Presidente foi recebido pelo premier Rishi Sunak, com quem antecipou temas que serão discutidos durante a cúpula da aliança militar que começa amanhã na Lituânia

O presidente dos Estados Unidos, Joe Biden, encontrou-se nesta segunda-feira com o primeiro-ministro britânico, Rishi Sunak, e com o rei Charles III, durante uma breve escala em Londres. O democrata irá em seguida para a reunião da Organização do Tratado do Atlântico Norte (Otan), que começa amanhã em Vilna, onde um dos assuntos-chave deve ser a promessa americana de enviar as controversas bombas fragmentárias para ajudar a Ucrânia a repelir os invasores russos.

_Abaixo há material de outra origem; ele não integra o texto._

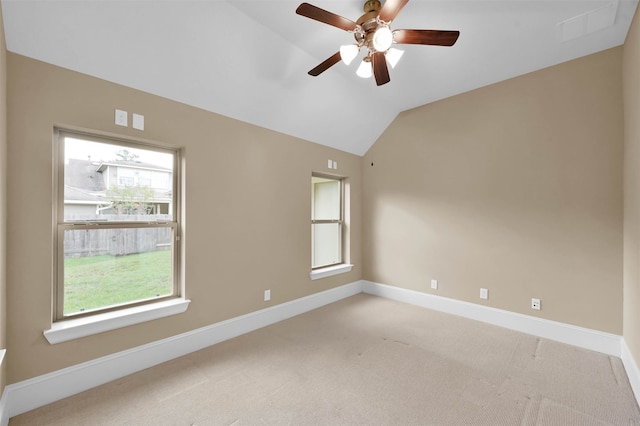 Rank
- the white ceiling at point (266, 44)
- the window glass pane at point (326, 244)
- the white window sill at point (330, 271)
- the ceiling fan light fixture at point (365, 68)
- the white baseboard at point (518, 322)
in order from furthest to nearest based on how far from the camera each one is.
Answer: the window glass pane at point (326, 244) < the white window sill at point (330, 271) < the white baseboard at point (518, 322) < the ceiling fan light fixture at point (365, 68) < the white ceiling at point (266, 44)

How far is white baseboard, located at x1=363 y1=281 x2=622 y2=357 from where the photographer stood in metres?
2.68

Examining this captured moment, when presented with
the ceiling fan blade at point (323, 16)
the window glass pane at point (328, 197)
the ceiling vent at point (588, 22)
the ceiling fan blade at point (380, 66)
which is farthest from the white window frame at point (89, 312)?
the ceiling vent at point (588, 22)

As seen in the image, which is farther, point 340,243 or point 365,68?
point 340,243

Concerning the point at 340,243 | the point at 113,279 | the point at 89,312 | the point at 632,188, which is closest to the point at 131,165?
the point at 113,279

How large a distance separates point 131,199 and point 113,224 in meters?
0.26

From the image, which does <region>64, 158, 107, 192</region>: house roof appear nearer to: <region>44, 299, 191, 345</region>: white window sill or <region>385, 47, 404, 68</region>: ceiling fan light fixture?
<region>44, 299, 191, 345</region>: white window sill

A escala de Biden na antiga metrópole será de menos de 24 horas: desembarcou no aeroporto de Stansted, nos arredores da capital, na noite de domingo e seguirá para a Lituânia ainda na noite desta segunda. Não chega a ser uma visita de Estado, mas é o cultivo de um laço que tornou-se ainda mais importante para Londres após seu divórcio com a União Europeia (UE), concluído em 2021.

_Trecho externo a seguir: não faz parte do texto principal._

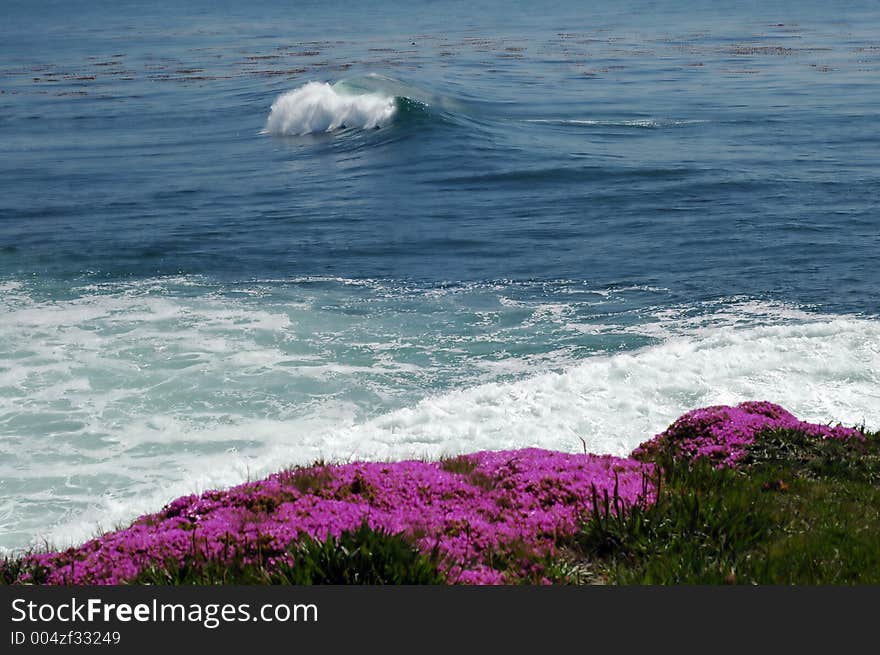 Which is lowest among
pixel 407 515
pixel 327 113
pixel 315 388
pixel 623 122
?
pixel 315 388

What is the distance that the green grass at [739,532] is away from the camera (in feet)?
22.9

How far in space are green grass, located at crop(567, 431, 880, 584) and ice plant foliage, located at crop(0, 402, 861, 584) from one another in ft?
0.87

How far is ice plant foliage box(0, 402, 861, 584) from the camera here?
24.0ft

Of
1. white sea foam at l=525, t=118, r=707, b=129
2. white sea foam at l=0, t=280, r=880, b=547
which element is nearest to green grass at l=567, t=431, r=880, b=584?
white sea foam at l=0, t=280, r=880, b=547

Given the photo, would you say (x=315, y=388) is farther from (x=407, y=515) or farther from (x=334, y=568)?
(x=334, y=568)

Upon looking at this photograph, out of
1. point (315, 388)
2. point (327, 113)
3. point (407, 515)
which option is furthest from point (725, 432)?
point (327, 113)

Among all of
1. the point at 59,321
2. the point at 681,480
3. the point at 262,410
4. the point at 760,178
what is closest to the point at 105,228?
the point at 59,321

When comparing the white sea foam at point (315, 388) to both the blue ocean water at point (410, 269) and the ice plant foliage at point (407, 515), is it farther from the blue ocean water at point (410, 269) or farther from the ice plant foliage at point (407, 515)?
the ice plant foliage at point (407, 515)

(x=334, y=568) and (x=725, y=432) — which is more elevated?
(x=334, y=568)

O encontro com o rei Charles, chefe de Estado, é um sinal do prestígio que os britânicos tentam cultivar com Washington, após o presidente americano cruzar o Atlântico para o funeral da rainha Elizabeth II, em setembro, mas não para a coroação do novo monarca, em abril. Mandou em seu lugar a primeira-dama, Jill Biden, e uma das netas do casal, Finnegan.

Antes da reunião, foi noticiado que o encontro no Palácio de Windsor teria como pauta temas caros a ambos: investimentos em energia verde e tentativas de combater a crise climática. Charles chama atenção para a crise ambiental desde antes de o assunto ser popular ou ser vista como algo urgente. Exercia uma espécie de ativismo do qual precisou abdicar parcialmente ao ascender ao trono, já que o monarca britânico é legalmente vetado de intervir em questões políticas.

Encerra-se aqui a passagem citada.